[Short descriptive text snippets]

═══

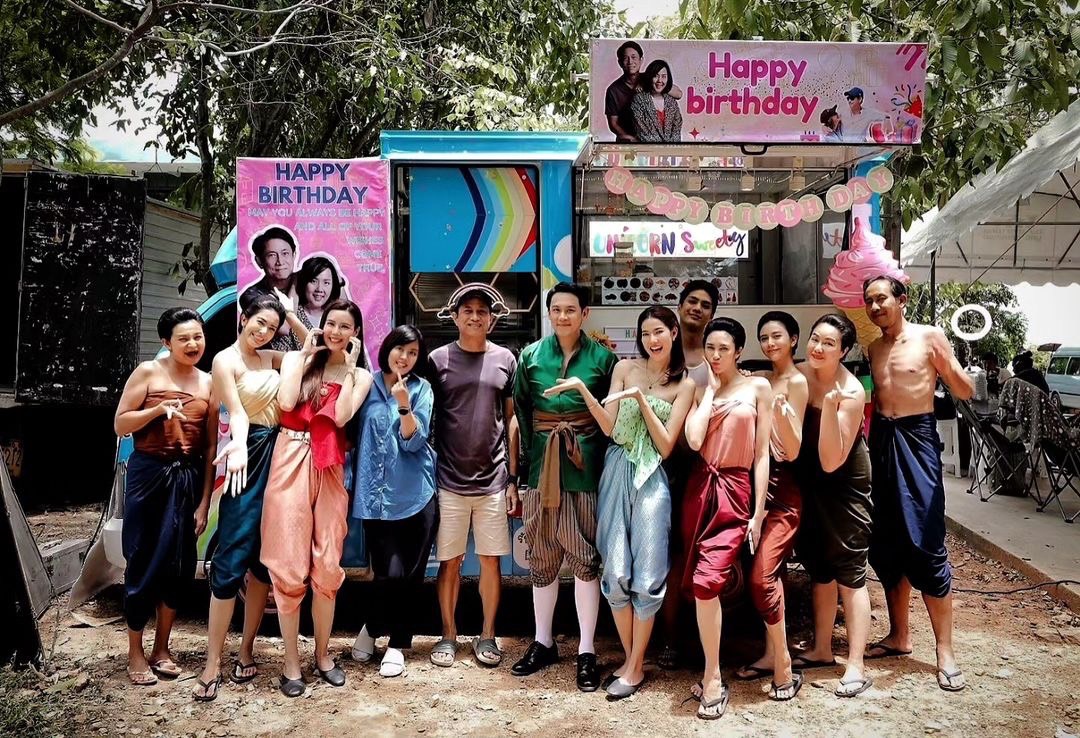 "เจี๊ยบ" จัดบิ๊กเซอร์ไพรส์วันเกิดเหมาฟู้ดทรัคให้ "หน่อย สุนทรา" กลางกอง "รอยรักรอยบาป"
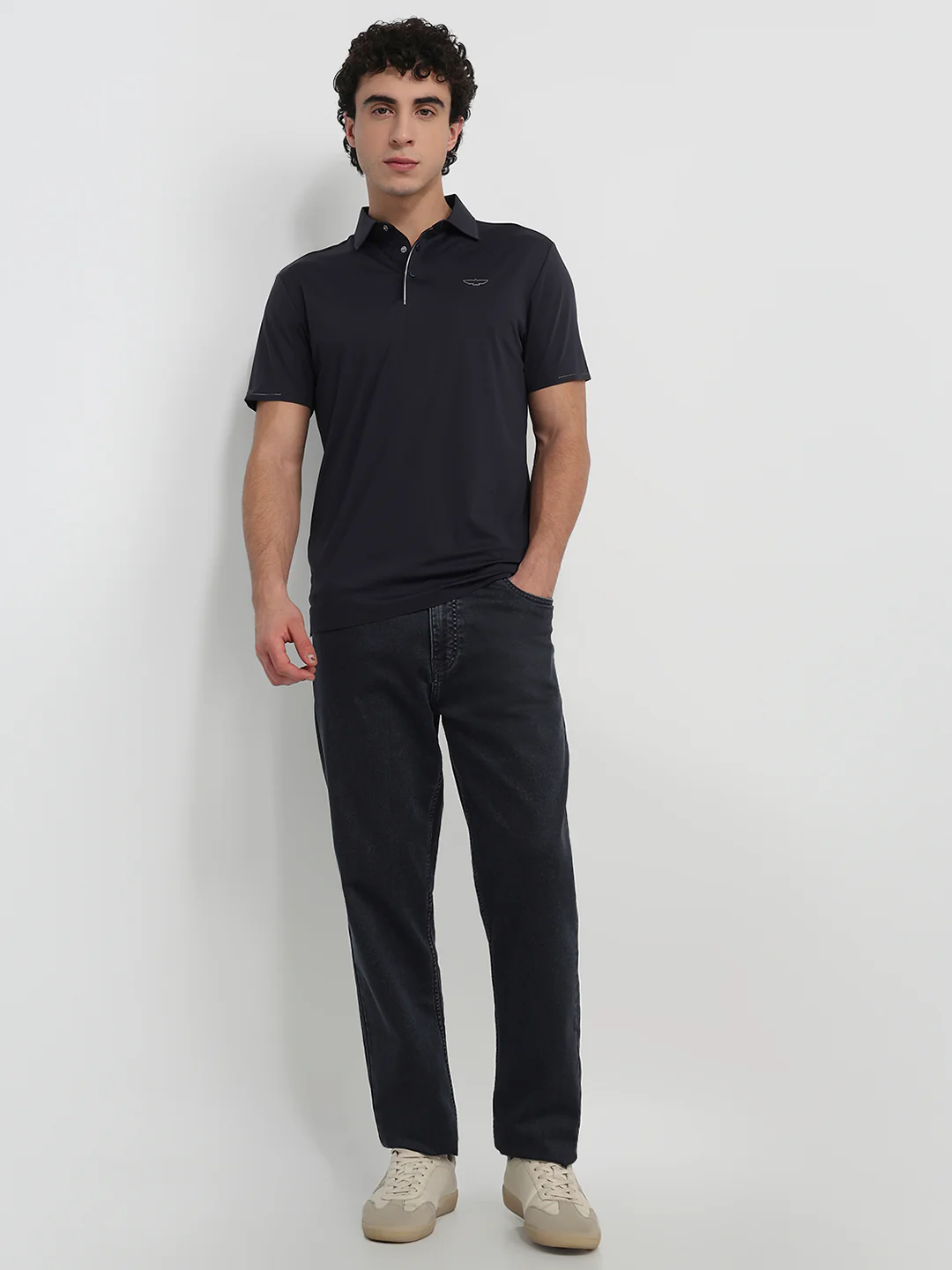 Park Avenue Men Slim Fit Solid Pattern Nylon Blend Half Sleeve T-Shirt - Image 5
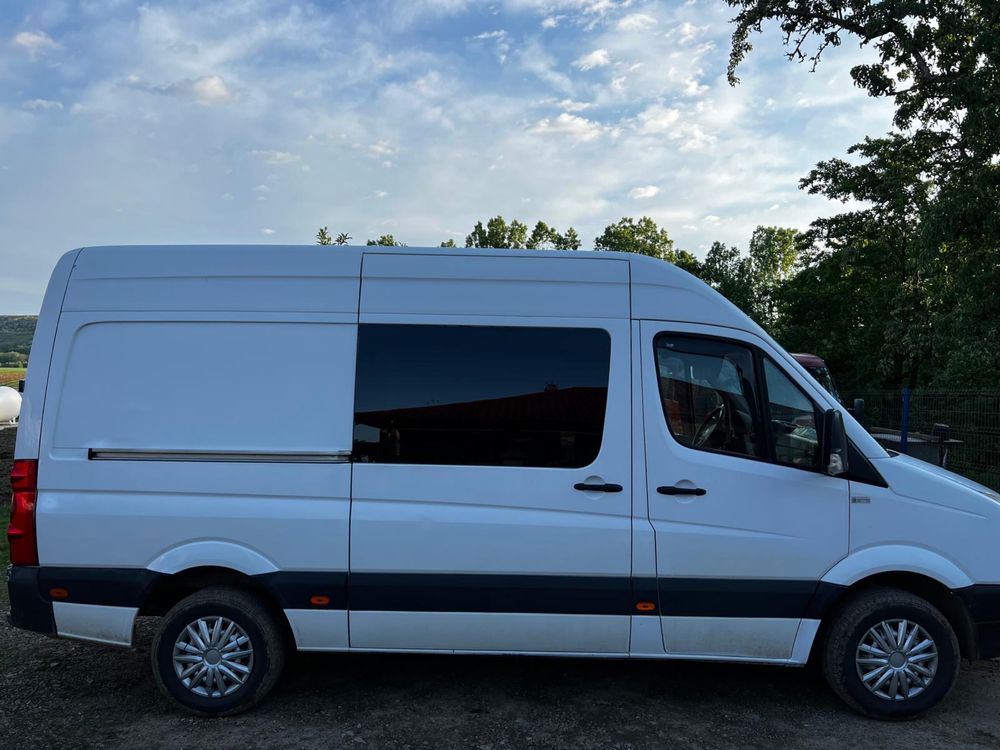 Vând VOLKSWAGEN CRAFTER, 2.0 TDI, 5+1 Locuri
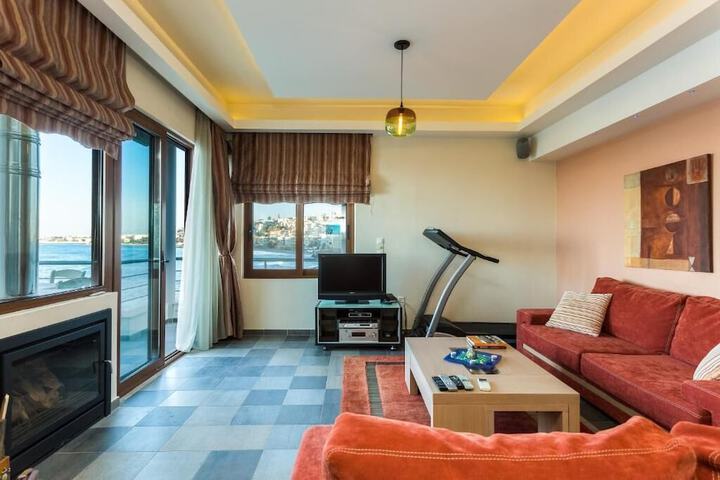 Room 15 of 27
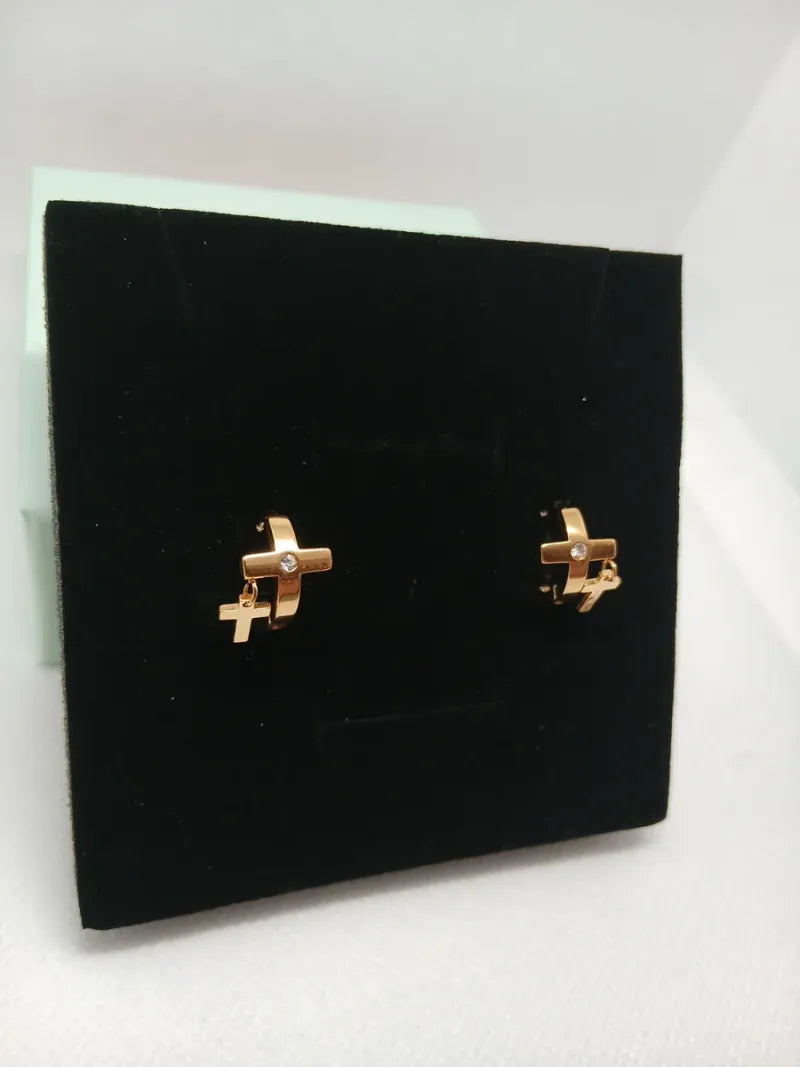 Aretes Candonga Doble Cruz Acero Dorado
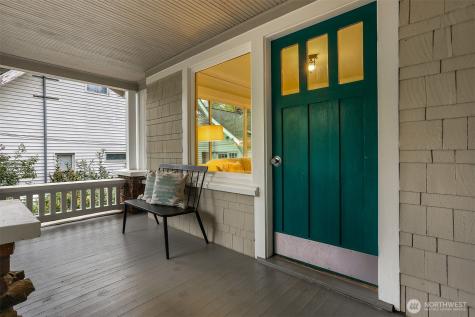 7015 2nd Avenue NW Seattle WA 98117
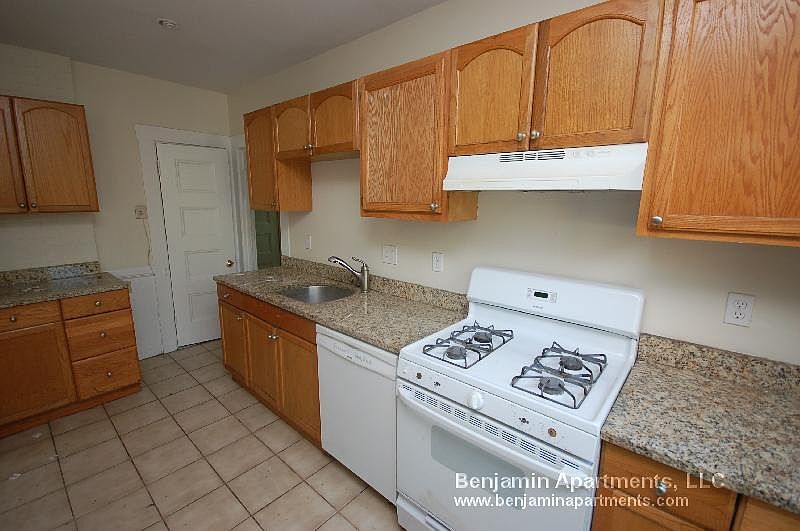 1st image of 31 Quint Ave #2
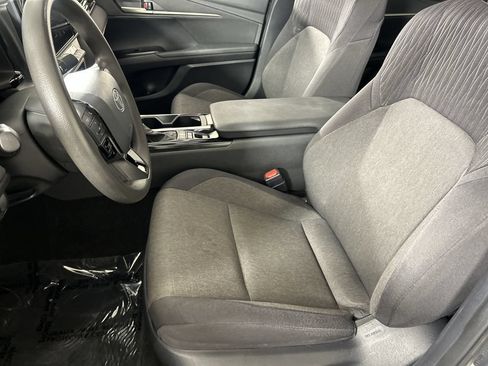 Used 2025 Toyota Camry LE w/ Convenience Package FWD image 21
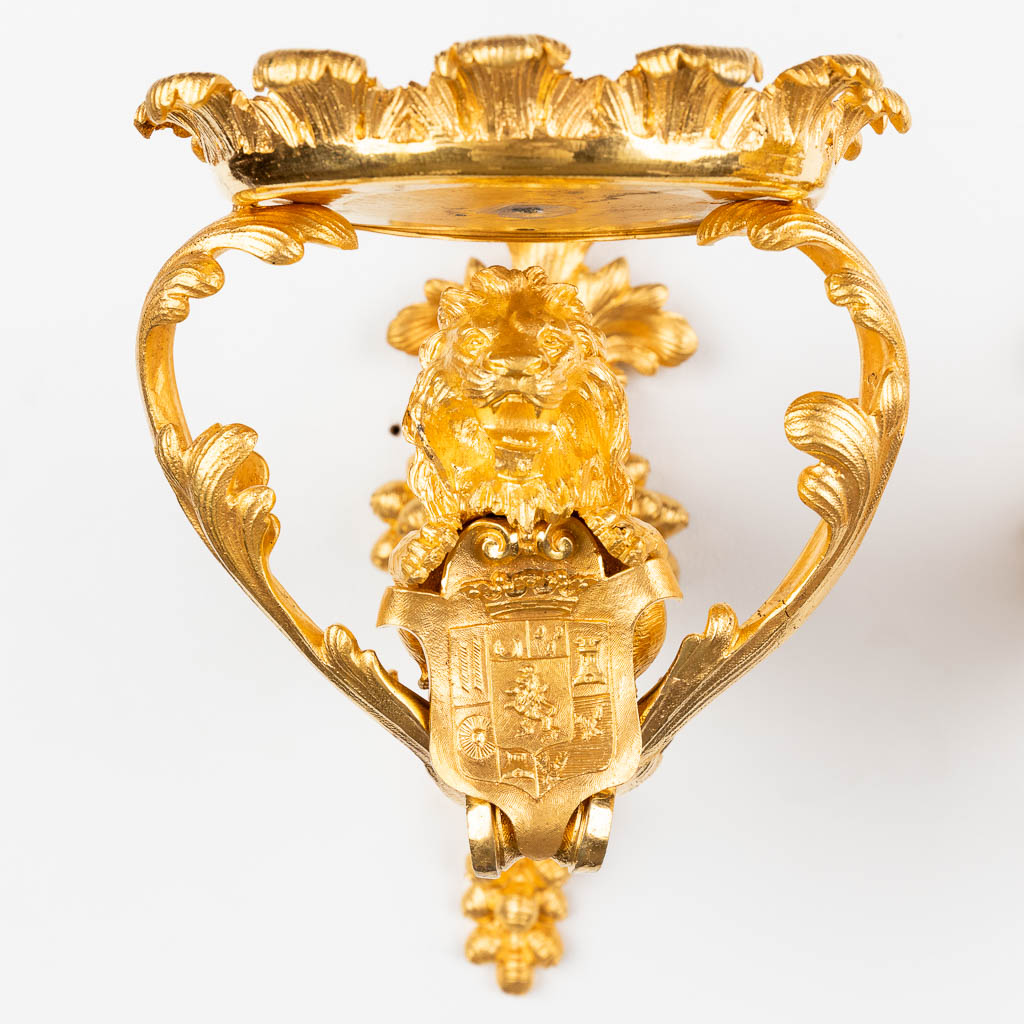 Een paar wandlichten of kaarsenhouders, leeuwen met heraldiek. Verguld brons. Circa 1900. (D:35 x W:20 x H:35 cm)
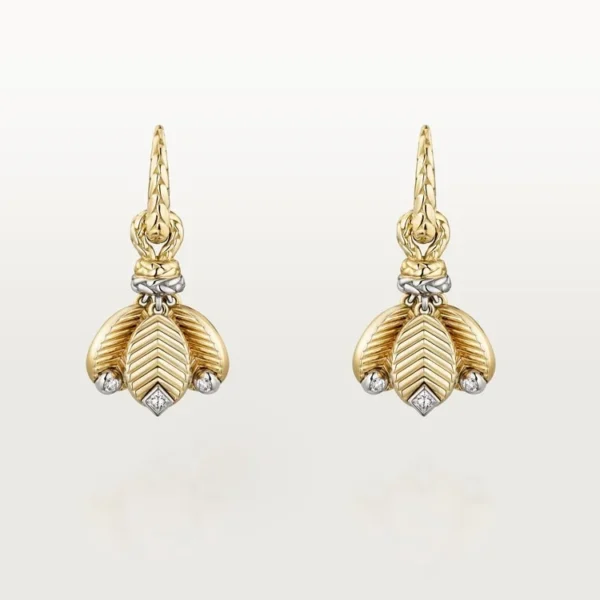 Gold Bloom of Elegance – Multi-Layered Leaf Earrings Reflecting Timeless Beauty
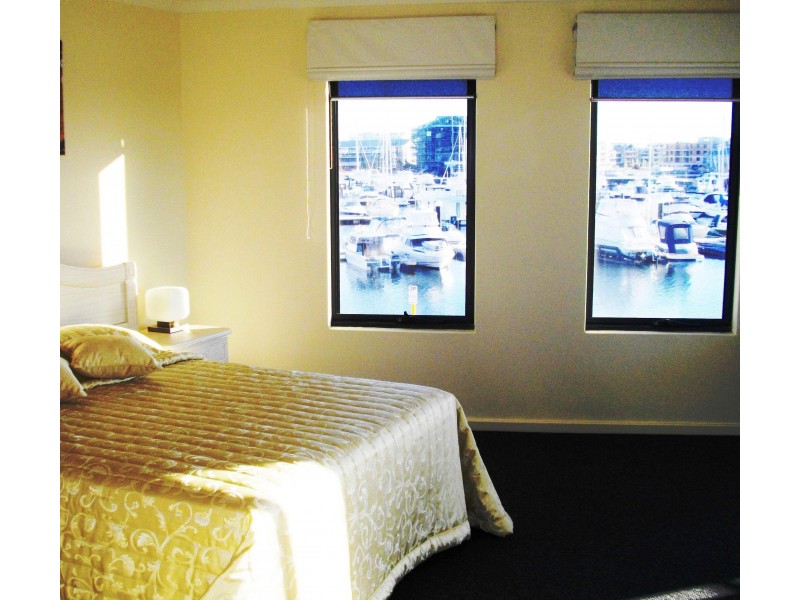 2/42 Spinnaker Quays, Mandurah WA 6210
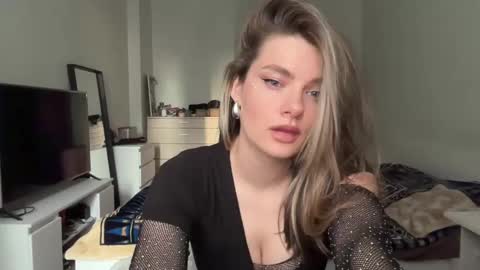 haley_rune online show from 02/05/25, 12:38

═══

= PROBLEM DETAILS =
Your reply should be the full data above, copied exactly, with no pictures in it.

= ANSWER SECTION =
 "เจี๊ยบ" จัดบิ๊กเซอร์ไพรส์วันเกิดเหมาฟู้ดทรัคให้ "หน่อย สุนทรา" กลางกอง "รอยรักรอยบาป"
 Park Avenue Men Slim Fit Solid Pattern Nylon Blend Half Sleeve T-Shirt - Image 5
 Vând VOLKSWAGEN CRAFTER, 2.0 TDI, 5+1 Locuri
 Room 15 of 27
 Aretes Candonga Doble Cruz Acero Dorado
 7015 2nd Avenue NW Seattle WA 98117
 1st image of 31 Quint Ave #2
 Used 2025 Toyota Camry LE w/ Convenience Package FWD image 21
 Een paar wandlichten of kaarsenhouders, leeuwen met heraldiek. Verguld brons. Circa 1900. (D:35 x W:20 x H:35 cm)
 Gold Bloom of Elegance – Multi-Layered Leaf Earrings Reflecting Timeless Beauty
 2/42 Spinnaker Quays, Mandurah WA 6210
 haley_rune online show from 02/05/25, 12:38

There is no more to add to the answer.